Here are three things I would do differently if I could write my first book all over again:
Read the whole thing out loud as I go (rather than realise awkward repetitions and crunchy moments in the audiobook recording, or get frustrated at the amount of times you say ‘warm vodka.’ We get it, Lauren, you were a vodka drinker).
Write the damn page numbers of quotes taken from books for when I have to do citations (rather than spend a frantic evening on a deadline, skim reading about 10 books trying to find them manually).
Actually listened to people who told me that your first book is a moment in time, and not an everlasting, eternal depiction of your best work, and accept that with a degree of humility (rather than ignoring that, think that I might be able to beat the game, and put a black-hole’s level of pressure on myself to make my first book something it could never be).
I also probably wouldn’t change anything, because I am of the learning-from-your-mistakes school, and this was the curriculum. As the process continues I’ll discover new mistakes, because that is the nature of mistakes, and none of them will be the end of the world. Probably just a little bit uncomfortable, famously a sensation the addict cannot tolerate. But I’ve come to realise throughout my recovery and writing a book about it that discomfort won’t kill me.

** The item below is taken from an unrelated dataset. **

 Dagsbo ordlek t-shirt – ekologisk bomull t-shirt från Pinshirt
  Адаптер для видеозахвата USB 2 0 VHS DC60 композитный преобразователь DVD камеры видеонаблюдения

When I got the contract for my book deal, a pdf I could use an e-signature for and return to the relevant parties, I also printed it off and signed it with a pen, to have tangible evidence of a dream coming true. My boyfriend captured the moment in a picture, with all my disbelief and excitement. What isn’t in the picture is the voice from a wise place inside me, as clear as the day it told me the party was over and I needed to choose recovery, that said: “this book will not keep you sober.”